Kickdown ?
#1
Kickdown ?
hey guys i noticed a lot of talk about different types of kickdown cables and what not on here lately. im a little confused. i recently pulled the engine out of my 69 4-door cutlass. the only thing attached to the transmision were the cooling lines, and a steel vaccum line. do i have any sort of kickdown mechanism in my car ? i have a wire that i cant remember where it attaches to. it runs down to the starter, and i think it atached to the coil ? would that have anything to do with it ? or does this wire actually run somewhere else ? i honestly cant remember lol. thanks guys
#2
hey guys i noticed a lot of talk about different types of kickdown cables and what not on here lately. im a little confused. i recently pulled the engine out of my 69 4-door cutlass. the only thing attached to the transmision were the cooling lines, and a steel vaccum line. do i have any sort of kickdown mechanism in my car ? i have a wire that i cant remember where it attaches to. it runs down to the starter, and i think it atached to the coil ? would that have anything to do with it ? or does this wire actually run somewhere else ? i honestly cant remember lol. thanks guys
#3
No, You don't have a kickdown cable. The vacuum line controls shift. If the wire you have won't reach the tranny, it's not for it. If it does, it's for the electric kickdown. This was on the TH400's only. I beleive. I may be wrong on that. Also, only two types of wires go to the starter.
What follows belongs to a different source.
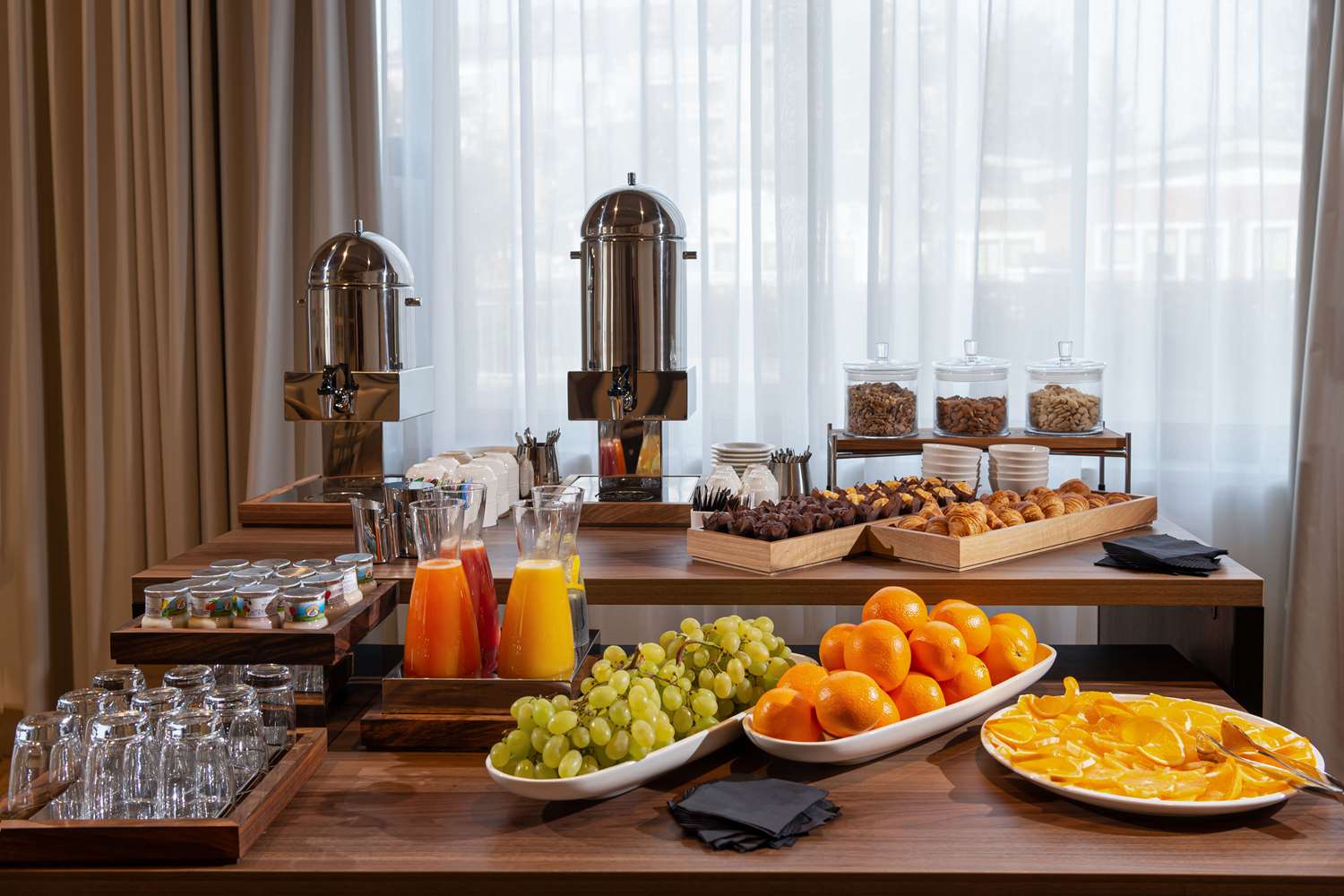 Фото DoubleTree by Hilton Brescia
One for the starter engage, (small wire connection), and the battery, and any other connection that needs full battery power, (large wire connection). It was cheaper for GM to run non-ignition power supply to the starter, than run it to the battery. That's why you have more than one wire to the large terminal with the battery cable. Hope this helps. Jim.
#4
I think the real reason is that the starter motor pulls a LOT of current and the solenoid which is activated by the small ignition wire actually switches that voltage from the large wire from the battery to the motor to cause it to run. You don't need to run that large of a wire from the battery, to a switch on the dash, to the motor.
#5
hey guys i noticed a lot of talk about different types of kickdown cables and what not on here lately. im a little confused. i recently pulled the engine out of my 69 4-door cutlass. the only thing attached to the transmision were the cooling lines, and a steel vaccum line. do i have any sort of kickdown mechanism in my car ? i have a wire that i cant remember where it attaches to. it runs down to the starter, and i think it atached to the coil ? would that have anything to do with it ? or does this wire actually run somewhere else ? i honestly cant remember lol. thanks guys
Sorry, but that's not correct. As noted above, both the Jetaway and TH400 used the electric kickdown in 1969. The wire harness will have the pigtail even if the car came with a TH350, it just won't be connected. Also, the vac modulator does control shift points but is unrelated to the kickdown function. Any of the three available automatics in 1969 used a kickdown function in addition to the vac modulator. Again, the Jetaway and TH400 used electric, the TH350 used cable.
#6
Its a TH350. now that i think about it, im pretty sure that wire connected to the coil. so what would that be for ? the wire will reach to the coil, and it runs down and joins the wires harnessed together that run to the starter. im replacing the stock distributor with an HEI. so can i just not hook it up ?thanks for all the help guys
#7
That wire was for powering the coil during starting if I remembre right. Yes for HEI you would just want to remove this connections at both ends of the harness.
Best bet on HEI is to run power from the IGN plug in the distributor....Something around 12-10 AWG.
Best bet on HEI is to run power from the IGN plug in the distributor....Something around 12-10 AWG.